# HOWTO: REPAIR MACOS X



## marin (Sep 30, 2000)

Here is how you repair/fix/check your disk for errors, *even* if MacOS X is on your only partition (that's what's going on on my computer). 

Go to System Preferences and choose Startup Disk.
wait. wait. wait. wait. wait. wait some more.
You will see the option to boot MacOS 9 from the same drive the MacOS X is.
Make sure you click lock icon and enter root for user and whatever your root password is.
The available options will look something like this:

CoreServices
Macintosh HD (Mac OS X)

System Folder
Macintosh HD (Classic MacOS 9)

Select the Classic Mac OS 9.
Press lock to lock the changes.
Close System Preferences.
Log out.
Restart.

Wohooo! The MacOS 9 will be booting.
OK.
Put your MacOS X Install CD in your CD-ROM.

Go to Utilities.
Run Disk First Aid.
You can choose repair. Wohoo!
It will warn you to close all the apps.
Let  it do that.
Let it fix all errors.

Done.
Cool. Wanna go back to MacOS 9?
Choose System Disk.
Select MacOS X.
Close System Disk.
Special>Restart.

Welcome back.
Your disk is fixed and you can run MacOS X happily.


----------



## bcaslis (Oct 1, 2000)

Actually if you want to get unix-y there is a much simpler way. When you get a crash or restart, immediately after you restart hold down the "s" key.

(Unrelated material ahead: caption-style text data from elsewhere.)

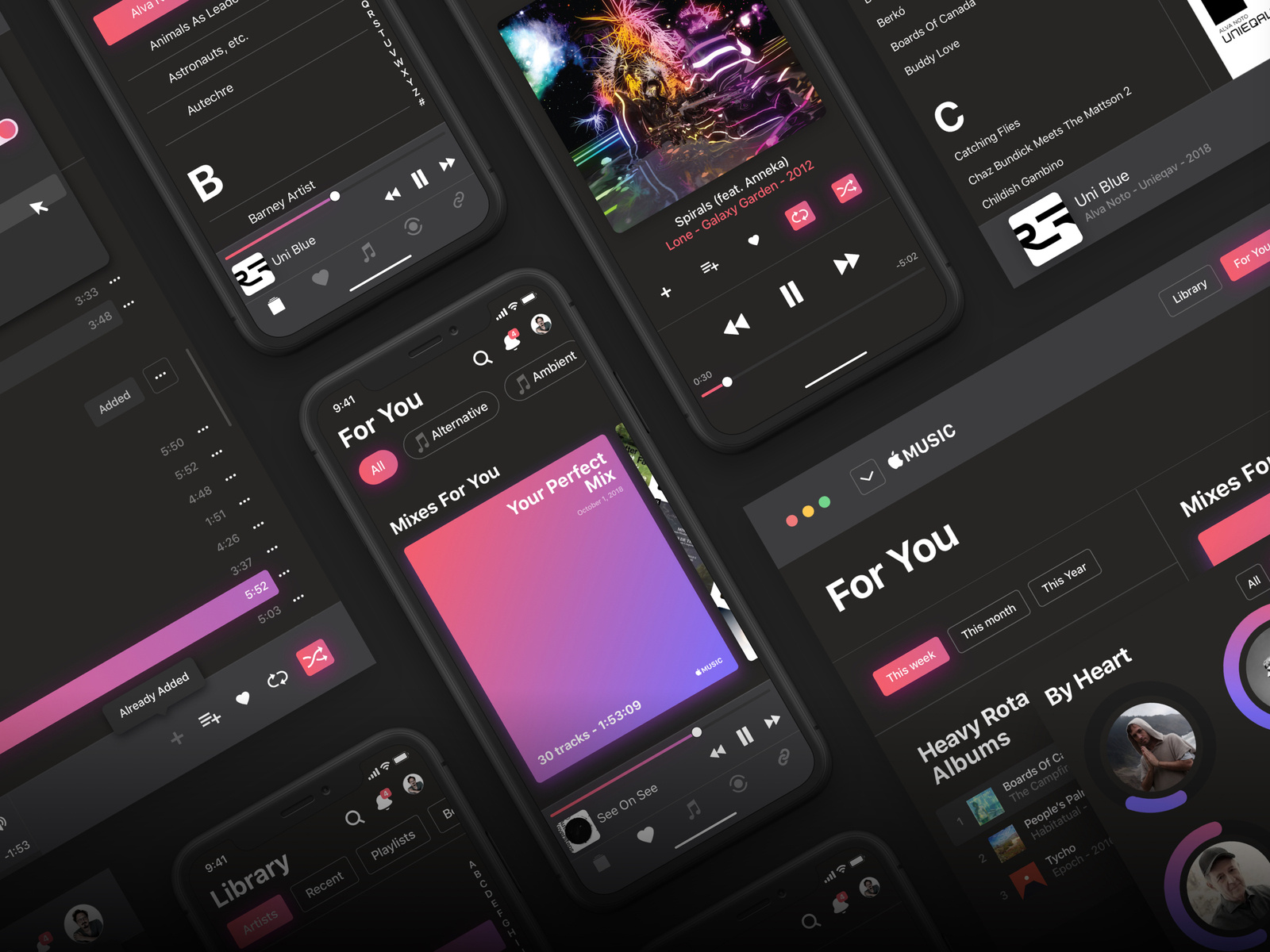 Apple Music: A UI/UX Holistic Case Study - Dark by Thomas Le Corre on ...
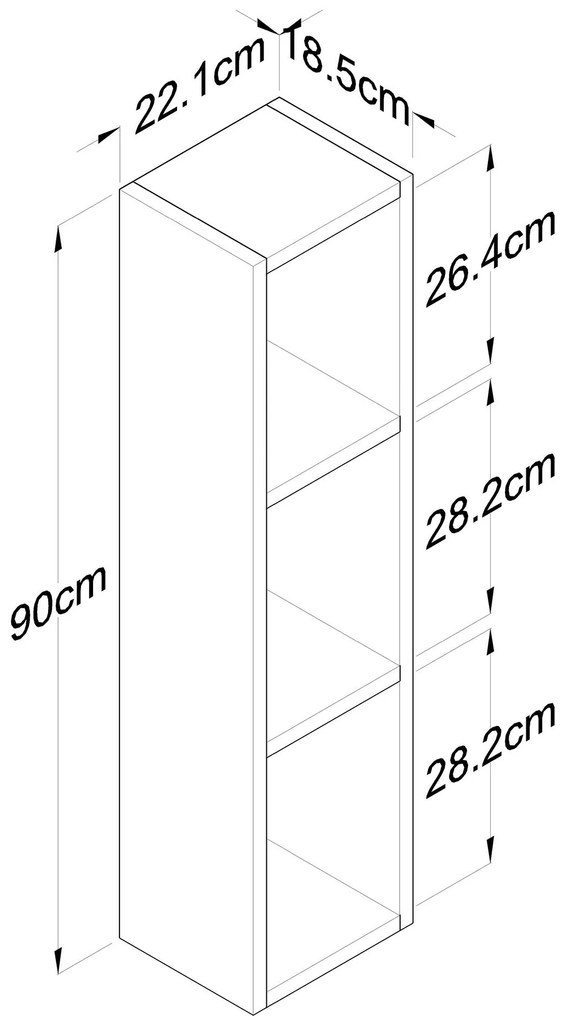 Fali polc E3 - 224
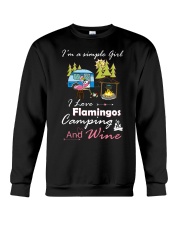Camping-I'm is simple girl Crewneck Sweatshirt front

After you see the mac icon it will go to a black screen with white text, then let go of the "s" key. It will print alot of text and finally tell you it is entering single user mode and fsck has not been run. Type this:

/sbin/fsck -y

Hit return and wait. You will be text like in Disk First Aid and if it finds an error will tell you it's repairing the disk. Once it's all finished, type:

shutdown -r now

The machine will reboot and you'll be back in Mac OS X. You should run the Disk Utility to check the disk has been repaired, but everything should be fine.


----------